Exercise requirements.
Your response to the data below should hold nothing except the lines from the one containing "小人踩球滚动的游戏叫什么_踩小人_小人踩球滚动的游戏" down to the one containing "Wartortle - Pokemon", reproduced exactly and without pictures.

Records for processing section start

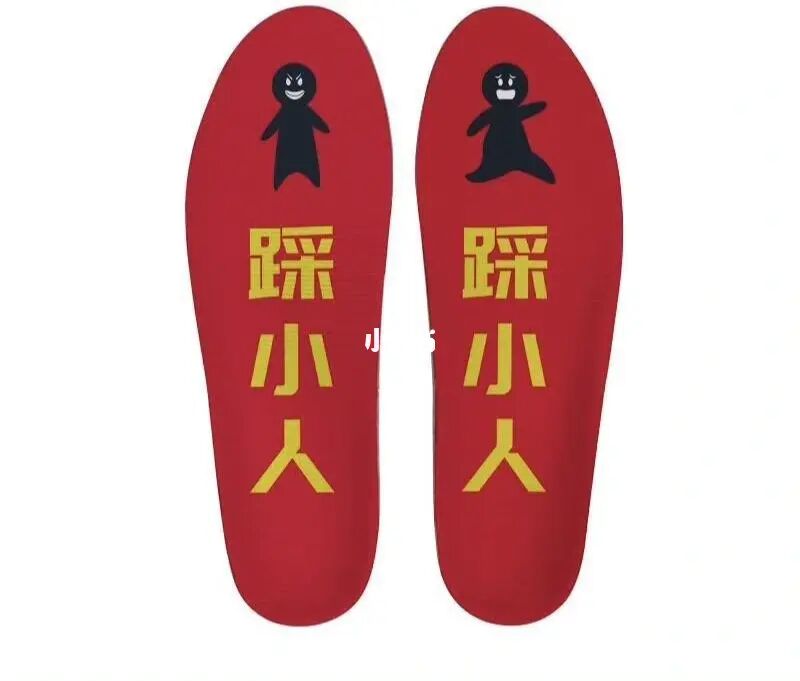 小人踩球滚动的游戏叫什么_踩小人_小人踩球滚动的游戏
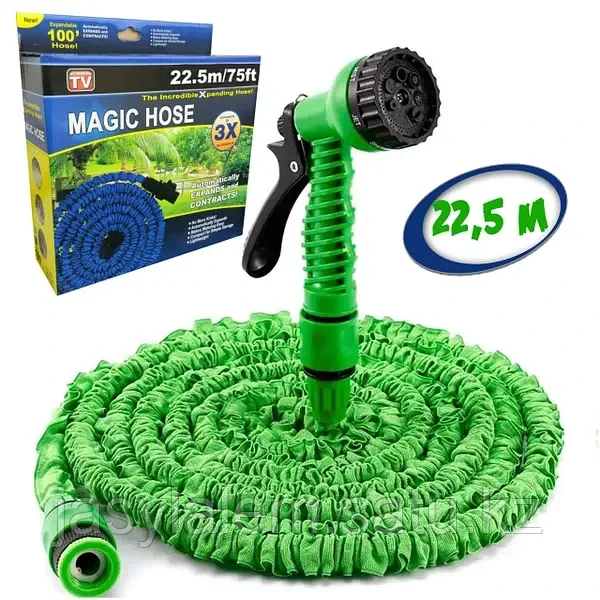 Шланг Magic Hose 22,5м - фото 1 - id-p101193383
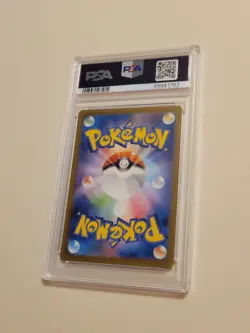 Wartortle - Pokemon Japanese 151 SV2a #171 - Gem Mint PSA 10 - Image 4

Records for processing section end
Records for processing section start

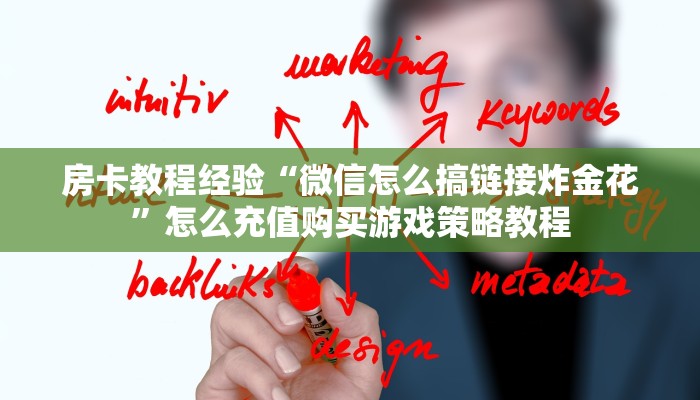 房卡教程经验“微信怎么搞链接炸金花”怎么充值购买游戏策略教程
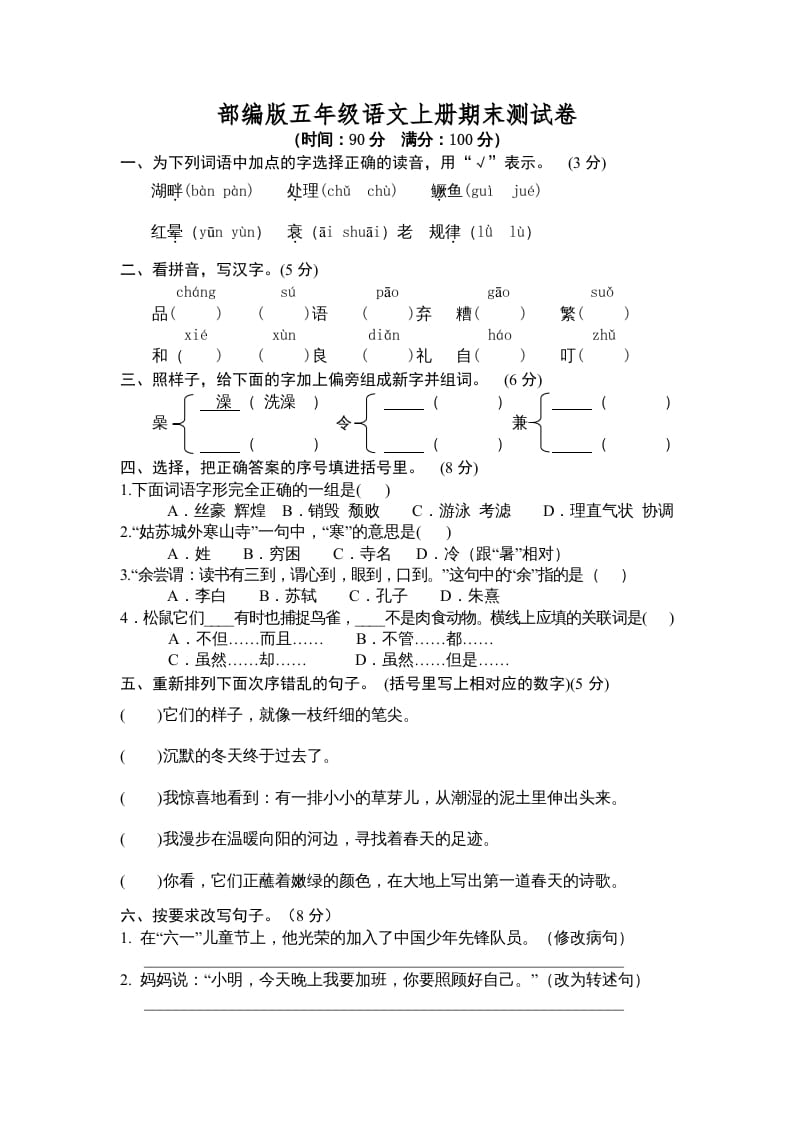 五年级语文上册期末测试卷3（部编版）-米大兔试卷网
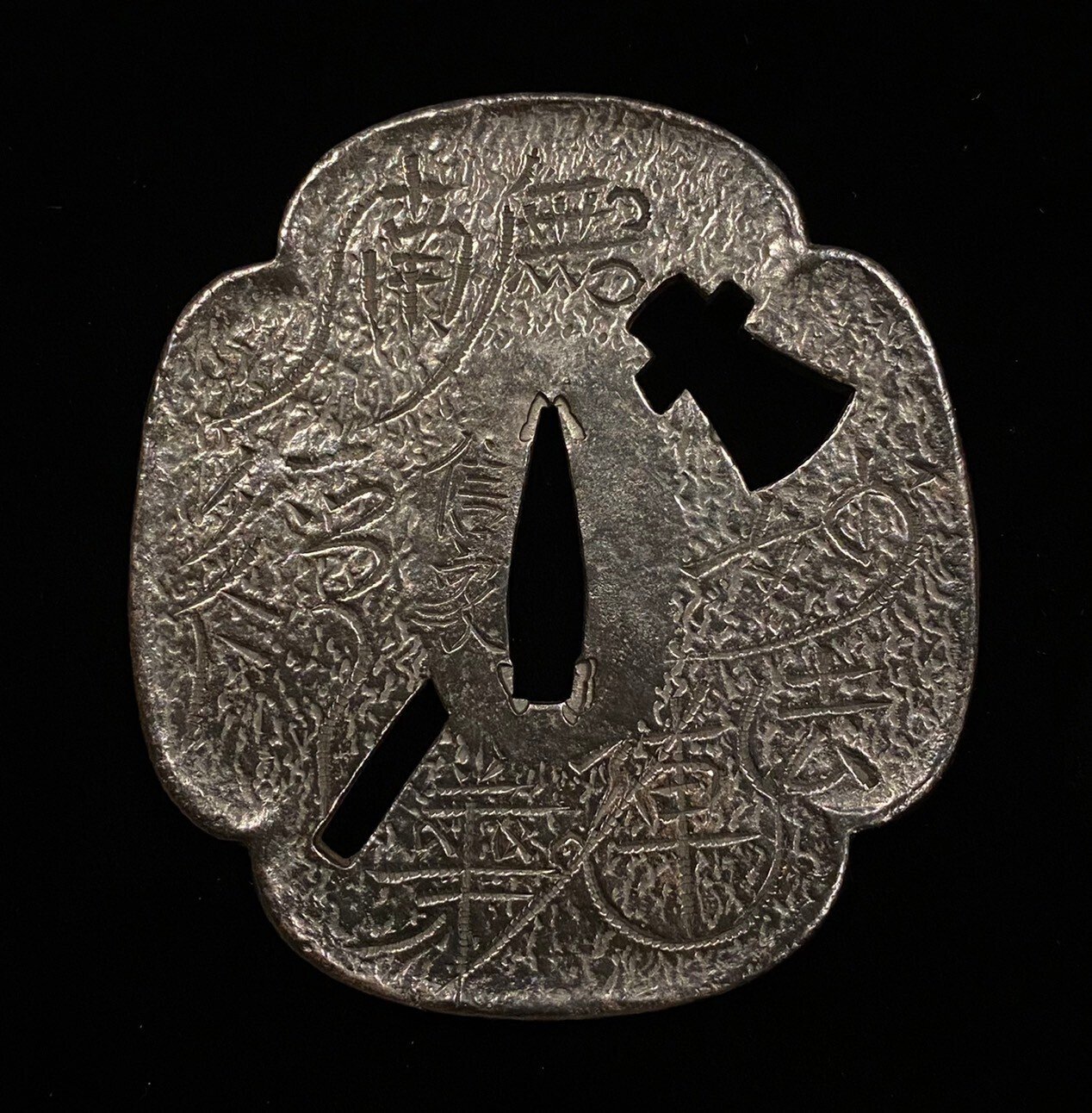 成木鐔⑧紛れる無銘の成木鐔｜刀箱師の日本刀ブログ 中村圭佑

Records for processing section end
Records for processing section start

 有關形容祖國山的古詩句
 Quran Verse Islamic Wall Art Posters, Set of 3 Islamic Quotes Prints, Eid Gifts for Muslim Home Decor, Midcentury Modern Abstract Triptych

Records for processing section end

Answer box.
 小人踩球滚动的游戏叫什么_踩小人_小人踩球滚动的游戏
 Шланг Magic Hose 22,5м - фото 1 - id-p101193383
 Wartortle - Pokemon Japanese 151 SV2a #171 - Gem Mint PSA 10 - Image 4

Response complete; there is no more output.